# Long forgotten incident



## Baltic Wal (Jun 27, 2005)

In 1969 there was a collision in the Thames estuary and I took the photograph of this ship when she was berthed in Tilbury docks. Somewhere I have a foto of the damage to the other vessel but haven't found it yet. 

Can anyone remember the incident and the name of the two vessels?


----------



## muldonaich (Nov 19, 2005)

i think you will find the photo you took was of the crystal jewel the other ship was the british aiviator regards kev.


----------



## muldonaich (Nov 19, 2005)

sorry im wrong jewel had midship acc kev.


----------



## Thamesphil (Jul 22, 2005)

Looking in Talbot-Booth's Merchant Ships, she looks suspiciously like the Middlesex Trader or Surrey Trader.

Phil


----------



## sam2182sw (Jul 24, 2005)

dont think it is the middlesex trader the trader boats had a big black T in a big round circle in the funnel sam


----------



## Ian (Mar 27, 2004)

i do believe she is an ex trader boat but i cant remember wich one, at the time of her collision she was called HOMER under the greek flag she came to smiths docks north shields according to my notes wich i have for every ship at smiths for repair from september 1963 to may 1972, when she arrived her windlass was on the tank top of No 1 hold, we had to hire a proffesional blaster to get the cement out of her fore end before we could start the steelwork repairs, the date i have for her arrival was 13/12/1969, hope this is a help for you.
PS i may put the info of all ships between dates above on the site when i find time.

cheers tom (*))


----------



## Baltic Wal (Jun 27, 2005)

Tom, 

thank you the name HOMER comes back to mind.

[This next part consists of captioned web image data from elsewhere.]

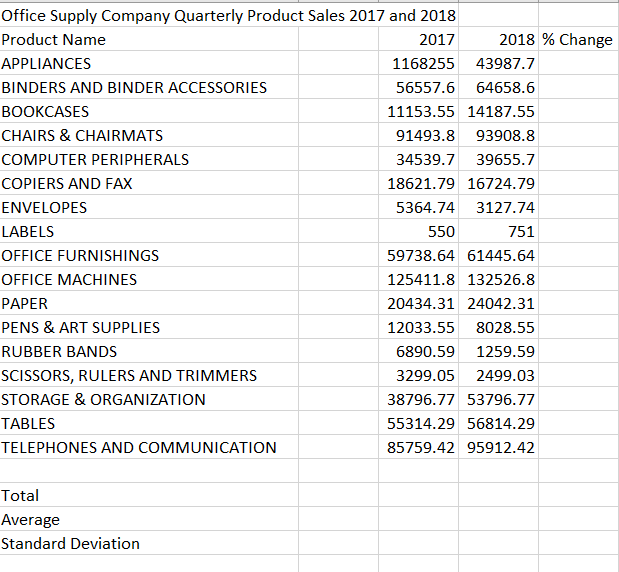 Office product deals sales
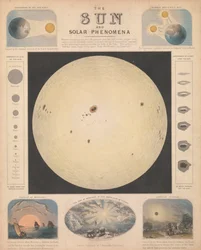 Solen och solfenomen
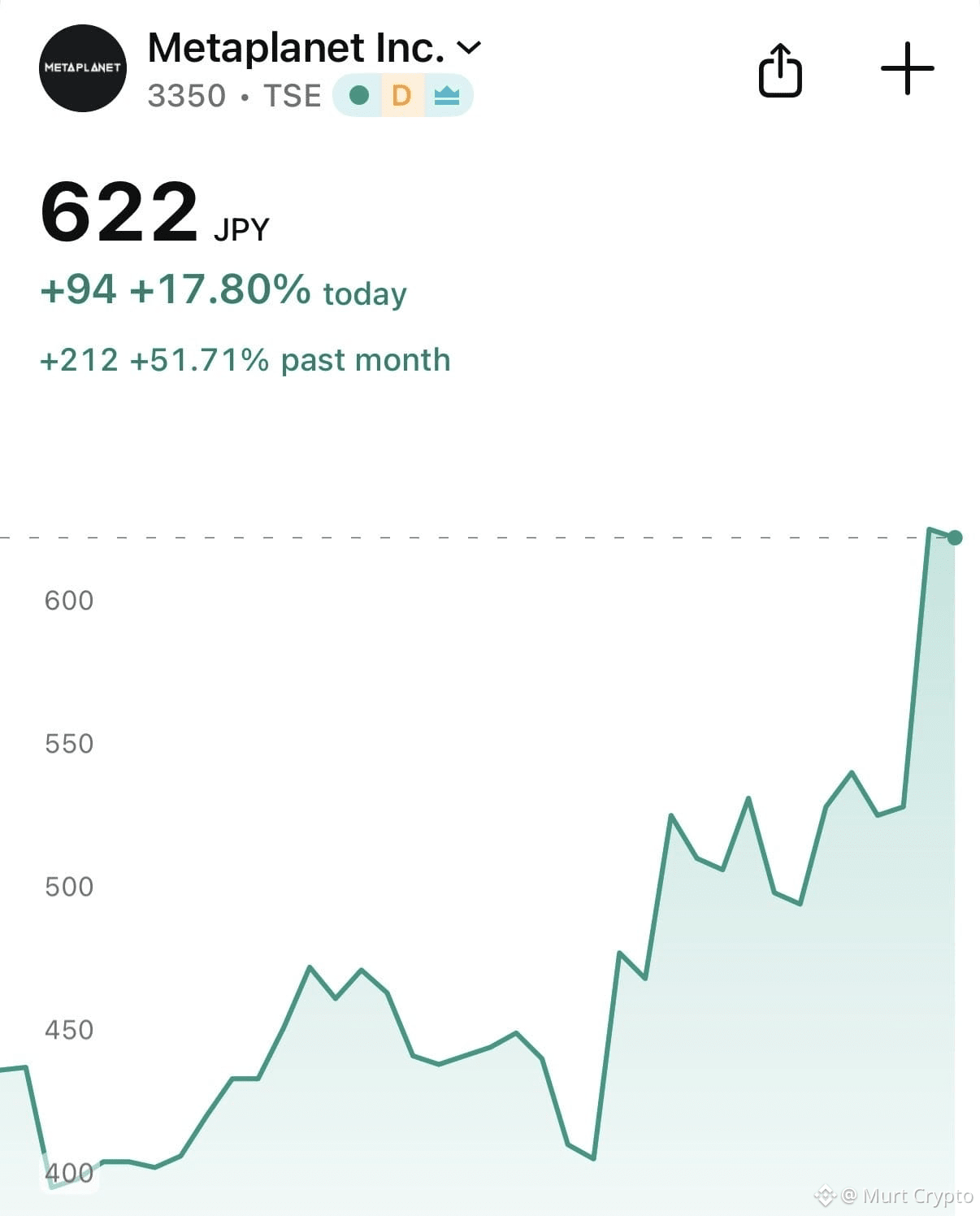 Latest #metaplanet News, Opinions and Feed Today | Binance Square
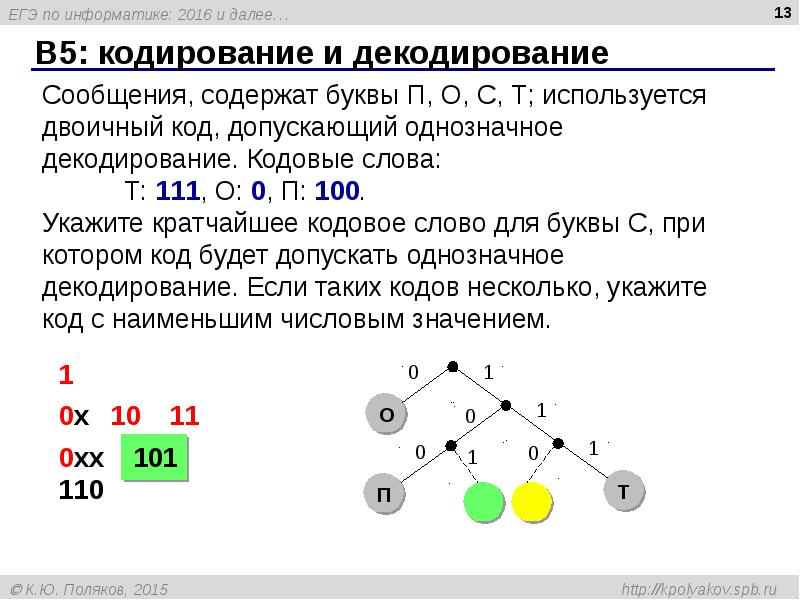 Поляков информатика презентация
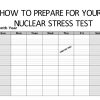 How to Prepare for Your Nuclear Stress Test
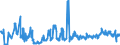 KN 54060000 /Exporte /Einheit = Preise (Euro/Tonne) /Partnerland: Schweden /Meldeland: Eur27_2020 /54060000:Garne aus Synthetischen Oder KÃ¼nstlichen Filamenten, in Aufmachungen FÃ¼r den Einzelverkauf (Ausg. NÃ¤hgarne)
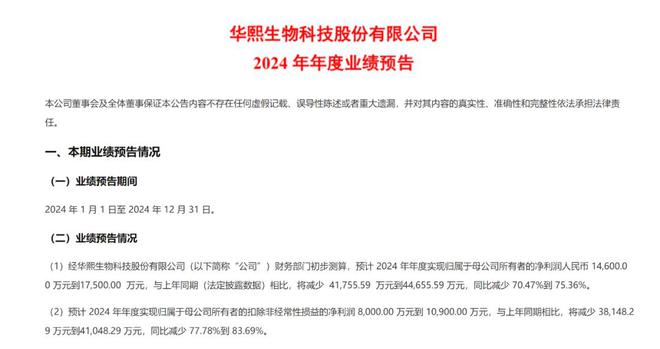 寻找新风口的华熙生物还有多少想象力？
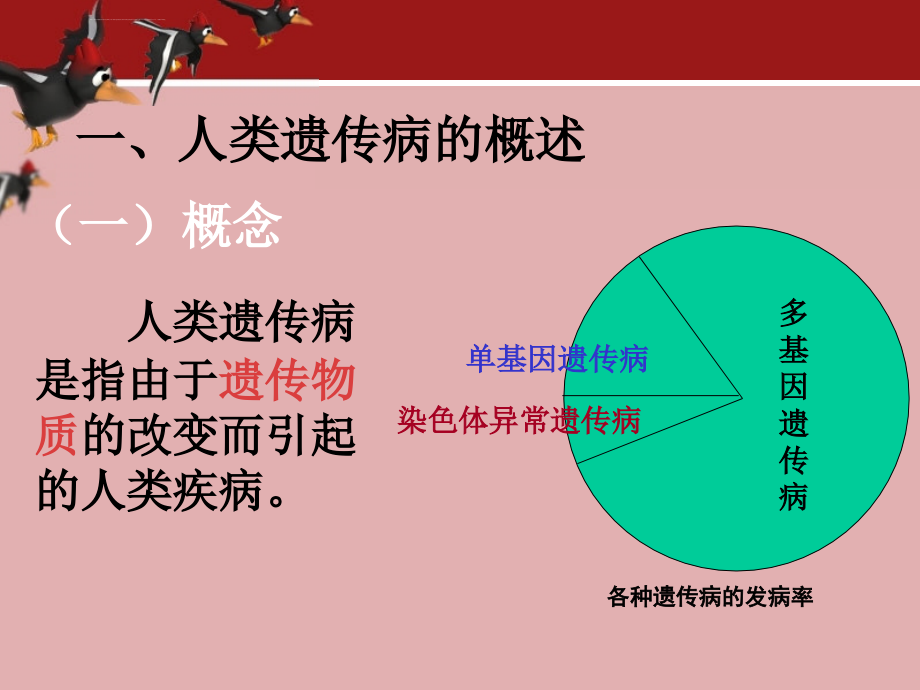 关注人类遗传病ppt课件_第4页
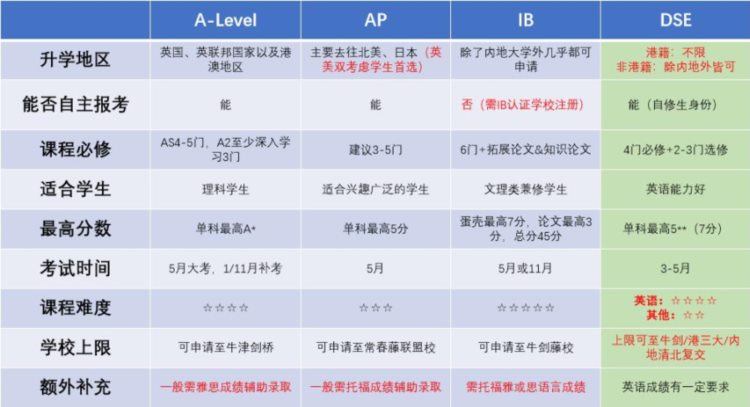 3大国际课程vs香港DSE,港籍生选哪个更好?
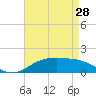 Cypremort Point tide chart for Sunday, April 28, 2024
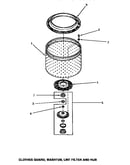 Clothes guard, washtub, lint filter & hub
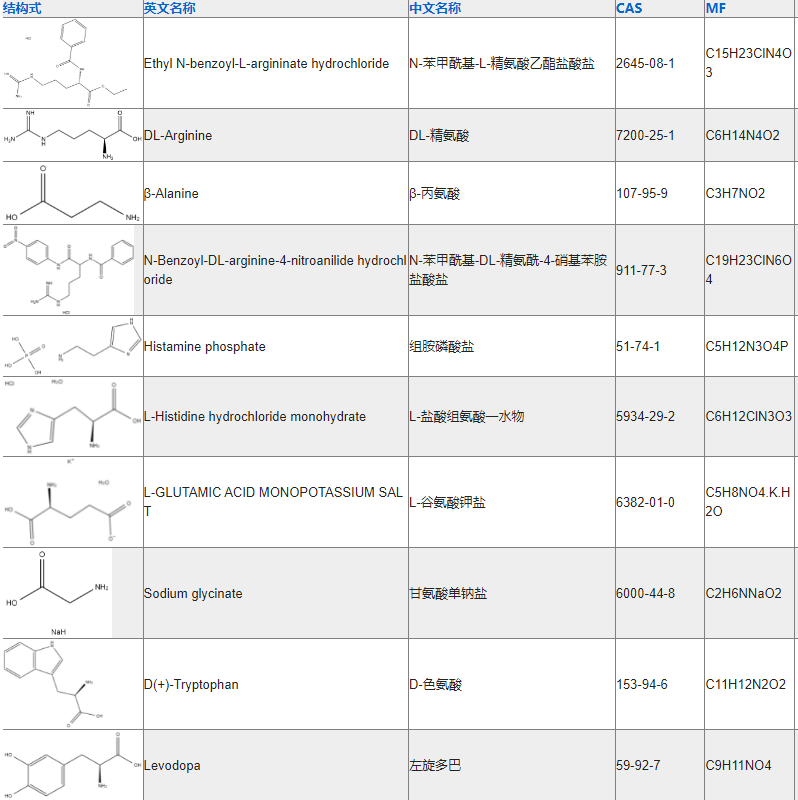 1712470885547388.png image.png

The collision was in fog in the thames estuary and the other vessel had a large hole in her hull, but did not sink.

The Homer was the ex MIDDLESEX TRADER renamed the year of the incident.


----------



## Baltic Wal (Jun 27, 2005)

Tom,

As said Homer rang a bell. I have been going through my photo's and came across two of the ELISA F with comments that she had been hit by the HOMER, this is one, I will post the other on the Gallery.


----------



## Baltic Wal (Jun 27, 2005)

*Sorry*

The attachment failed due to the silly constraints of the system will allow 800 by 600 but not 600 by 800 (Ouch)


----------



## KenLin39 (Apr 30, 2005)

*800 x 600 or 600 x 800*

Had it happen to me Wal, turned the photo 90 deg and it worked. Ken.


----------